Finalmente, el tiburón se dio cuenta de su equivocación y abandonó la bolsa. Volvió atrás. Por un momento permaneció inmóvil, asombrado, luego dio una vuelta hacia los cercanos sonidos de los que nadaban. Uno de los fusileros golpeaba el agua con una brazada cansina. El tiburón lo atacó en un costado y lo arrastró hacia abajo. Unos momentos más tarde, el fusilero reapareció con la boca como una curva rosada, mientras gritaba con el agua alrededor tiñéndose del rojo oscuro de su propia sangre. Otra vez fue arrastrado hacia abajo y el tiburón le hirió las piernas. De nuevo salió a flote, ahora con el rostro hundido, retorciéndose débilmente; el tiburón lo rodeó, se lanzó sobre él, le arrancó otro jirón de carne y se alejó después para devorarlo antes de atacar de nuevo.

Entonces apareció otro tiburón, dos más, diez, tantos que Sebastian no podía contarlos, dando vueltas y sumergiéndose con extática glotonería, y el mar alrededor del bote temblaba y producía remolinos por la agitación.

Sebastian y los árabes se las arreglaron para subir a dos hombres más al bote, y estaban subiendo a un tercero con la mitad del cuerpo todavía dentro del agua cuando una enorme masa blanca de un metro ochenta de largo saltó de las profundidades y le apresó los muslos con tanta violencia que casi los arroja a todos fuera de la borda. Pero los hombres del bote lograron afirmarse y levantaron al hombre por los brazos, temblando en ese horripilante momento decisivo, mientras el tiburón le destrozaba una pierna con una determinación tan similar a la de un perro, que Sebastian creía que estaba a punto de ladrar.

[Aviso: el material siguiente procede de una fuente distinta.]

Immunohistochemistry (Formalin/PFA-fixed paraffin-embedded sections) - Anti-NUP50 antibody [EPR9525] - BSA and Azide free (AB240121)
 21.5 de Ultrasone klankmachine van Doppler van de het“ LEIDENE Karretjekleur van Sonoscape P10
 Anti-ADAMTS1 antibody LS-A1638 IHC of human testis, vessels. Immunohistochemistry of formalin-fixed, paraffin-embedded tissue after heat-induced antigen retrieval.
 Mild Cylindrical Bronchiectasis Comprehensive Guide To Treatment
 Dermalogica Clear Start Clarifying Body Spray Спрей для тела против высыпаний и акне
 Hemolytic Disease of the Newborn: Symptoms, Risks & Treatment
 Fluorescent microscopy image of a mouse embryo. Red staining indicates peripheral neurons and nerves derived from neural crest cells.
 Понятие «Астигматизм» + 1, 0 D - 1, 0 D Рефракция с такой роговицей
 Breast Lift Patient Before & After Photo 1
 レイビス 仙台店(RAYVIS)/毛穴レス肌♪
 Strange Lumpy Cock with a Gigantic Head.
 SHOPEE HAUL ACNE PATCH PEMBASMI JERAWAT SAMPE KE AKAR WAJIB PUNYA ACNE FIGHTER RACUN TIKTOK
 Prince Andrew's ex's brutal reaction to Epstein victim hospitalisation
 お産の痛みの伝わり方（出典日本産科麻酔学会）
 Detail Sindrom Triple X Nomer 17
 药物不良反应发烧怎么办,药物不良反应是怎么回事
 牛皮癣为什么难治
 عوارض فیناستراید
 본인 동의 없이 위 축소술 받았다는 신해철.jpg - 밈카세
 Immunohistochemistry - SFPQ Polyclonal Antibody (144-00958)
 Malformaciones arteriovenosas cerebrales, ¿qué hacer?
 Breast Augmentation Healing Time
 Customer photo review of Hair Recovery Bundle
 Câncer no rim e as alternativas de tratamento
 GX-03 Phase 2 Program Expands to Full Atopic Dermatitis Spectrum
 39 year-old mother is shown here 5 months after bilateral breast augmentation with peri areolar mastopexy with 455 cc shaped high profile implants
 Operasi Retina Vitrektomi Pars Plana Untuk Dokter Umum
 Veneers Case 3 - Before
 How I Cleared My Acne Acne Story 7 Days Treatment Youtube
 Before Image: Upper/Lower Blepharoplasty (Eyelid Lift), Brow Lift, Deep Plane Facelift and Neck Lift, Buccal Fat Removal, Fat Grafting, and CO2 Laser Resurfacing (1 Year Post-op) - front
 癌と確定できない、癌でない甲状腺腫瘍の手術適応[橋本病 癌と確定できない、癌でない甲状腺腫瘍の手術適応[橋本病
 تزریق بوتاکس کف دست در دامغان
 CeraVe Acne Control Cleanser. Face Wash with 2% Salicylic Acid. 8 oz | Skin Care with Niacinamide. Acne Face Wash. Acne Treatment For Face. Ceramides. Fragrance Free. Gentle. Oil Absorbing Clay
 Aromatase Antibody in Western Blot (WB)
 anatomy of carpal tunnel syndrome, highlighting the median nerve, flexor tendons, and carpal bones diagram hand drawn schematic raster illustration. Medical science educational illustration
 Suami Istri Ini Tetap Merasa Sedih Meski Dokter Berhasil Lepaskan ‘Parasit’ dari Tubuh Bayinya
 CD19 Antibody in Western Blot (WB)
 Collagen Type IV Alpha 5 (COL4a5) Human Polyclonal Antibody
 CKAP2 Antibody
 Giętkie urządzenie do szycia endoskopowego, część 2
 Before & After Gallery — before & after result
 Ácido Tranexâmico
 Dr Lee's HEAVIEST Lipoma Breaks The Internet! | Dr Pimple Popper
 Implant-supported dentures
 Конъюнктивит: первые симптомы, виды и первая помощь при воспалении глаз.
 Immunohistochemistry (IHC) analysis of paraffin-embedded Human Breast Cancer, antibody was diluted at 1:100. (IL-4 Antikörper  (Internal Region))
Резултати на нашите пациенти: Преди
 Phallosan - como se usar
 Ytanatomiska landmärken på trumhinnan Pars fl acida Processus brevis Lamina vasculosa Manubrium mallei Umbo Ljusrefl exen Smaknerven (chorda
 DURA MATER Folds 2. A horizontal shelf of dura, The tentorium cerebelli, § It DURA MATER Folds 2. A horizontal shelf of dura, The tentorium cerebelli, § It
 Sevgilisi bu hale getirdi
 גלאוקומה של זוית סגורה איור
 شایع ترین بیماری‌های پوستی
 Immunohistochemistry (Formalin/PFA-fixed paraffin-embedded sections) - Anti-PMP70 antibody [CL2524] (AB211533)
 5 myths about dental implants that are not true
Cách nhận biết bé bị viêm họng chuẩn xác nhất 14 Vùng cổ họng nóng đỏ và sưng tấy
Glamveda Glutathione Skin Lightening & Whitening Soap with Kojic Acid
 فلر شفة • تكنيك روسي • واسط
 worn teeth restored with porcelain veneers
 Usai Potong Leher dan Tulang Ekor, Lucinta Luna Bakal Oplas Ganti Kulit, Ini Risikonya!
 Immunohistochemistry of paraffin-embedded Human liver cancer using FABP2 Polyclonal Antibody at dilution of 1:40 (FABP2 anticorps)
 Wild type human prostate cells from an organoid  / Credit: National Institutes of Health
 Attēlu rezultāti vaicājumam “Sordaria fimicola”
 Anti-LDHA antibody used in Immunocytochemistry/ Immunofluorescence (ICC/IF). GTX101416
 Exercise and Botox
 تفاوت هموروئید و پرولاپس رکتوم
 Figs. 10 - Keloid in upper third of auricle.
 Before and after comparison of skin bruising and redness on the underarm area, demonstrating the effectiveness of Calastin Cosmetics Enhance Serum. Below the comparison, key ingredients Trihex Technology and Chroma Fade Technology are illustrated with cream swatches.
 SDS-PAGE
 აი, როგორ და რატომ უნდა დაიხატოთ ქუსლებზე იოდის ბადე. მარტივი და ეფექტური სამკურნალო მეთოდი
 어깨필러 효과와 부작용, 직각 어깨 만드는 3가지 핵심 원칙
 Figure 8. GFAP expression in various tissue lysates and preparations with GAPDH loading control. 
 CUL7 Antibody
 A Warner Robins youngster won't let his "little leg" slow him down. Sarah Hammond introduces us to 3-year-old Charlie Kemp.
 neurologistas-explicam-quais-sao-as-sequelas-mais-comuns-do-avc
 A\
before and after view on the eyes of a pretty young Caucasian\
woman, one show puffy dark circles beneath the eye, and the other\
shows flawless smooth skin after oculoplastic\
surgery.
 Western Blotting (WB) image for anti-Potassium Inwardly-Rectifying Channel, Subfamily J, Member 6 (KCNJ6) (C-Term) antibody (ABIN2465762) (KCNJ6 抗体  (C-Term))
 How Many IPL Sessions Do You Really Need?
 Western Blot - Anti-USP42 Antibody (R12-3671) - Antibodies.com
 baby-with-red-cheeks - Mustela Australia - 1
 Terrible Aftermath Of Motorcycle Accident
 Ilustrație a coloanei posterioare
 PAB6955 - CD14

El pequeño Mohammed se tambaleó, levantó un remo y golpeó con toda su fuerza contra el morro puntiagudo. Habían arrastrado la cabeza del tiburón desde el agua, y el remo caía sobre él, pero el tiburón se mantenía aferrado. La sangre fresca y brillante manaba de la pierna que tenía entre sus mandíbulas, corriendo hacia abajo y brillando en la cabeza del tiburón como una serpiente.

—¡Sujétenlo! —jadeó Sebastian y agarró el cuchillo. Con el bote balanceándose constantemente debajo de él, se inclinó por encima del cuerpo extendido del hombre y hundió la hoja del cuchillo en el pequeño ojo inexpresivo del tiburón. Éste reventó en un estallido de líquido claro y el tiburón se puso rígido y tembloroso. Sebastian retiró la hoja y la clavó en el otro ojo. Con un convulsivo resuello, el tiburón abrió las mandíbulas y se deslizó en el océano para vagar ciego y sin rumbo.

Ya no había más náufragos en el agua. Los hombres del bote salvavidas se amontonaron y observaron a los tiburones que se arremolinaban, hambrientos, y recorrían las aguas manchadas como olfateándolas mientras recogían los últimos jirones de carne.

La víctima del tiburón había caído en la cubierta con la arteria femoral rota y murió antes de que nadie alcanzara a reaccionar y le hiciera un torniquete.

—Tírenlo —gruñó Flynn.

—No. —Sebastian sacudió la cabeza.

—Por Dios, ya somos bastantes. Tira a ese pobre hijo de puta.

—Más tarde, ahora no. —Sebastian no iba a poder aguantar ver a los tiburones lanzándose sobre el cadáver.

—Mohammed, elige a dos muchachos de los que están remando, quiero que busquen todos los cocos que haya.

Cuando la oscuridad los detuvo, habían recogido cincuenta y dos de los cocos que flotaban, suficientes para mantenerlos a los siete libres de la sed por una semana.

Esa noche fue fría. Se agruparon para mantenerse calientes y contemplaron la exhibición de pirotecnia debajo del agua, mientras el grupo de tiburones daba vueltas alrededor del bote con un fosforescente resplandor.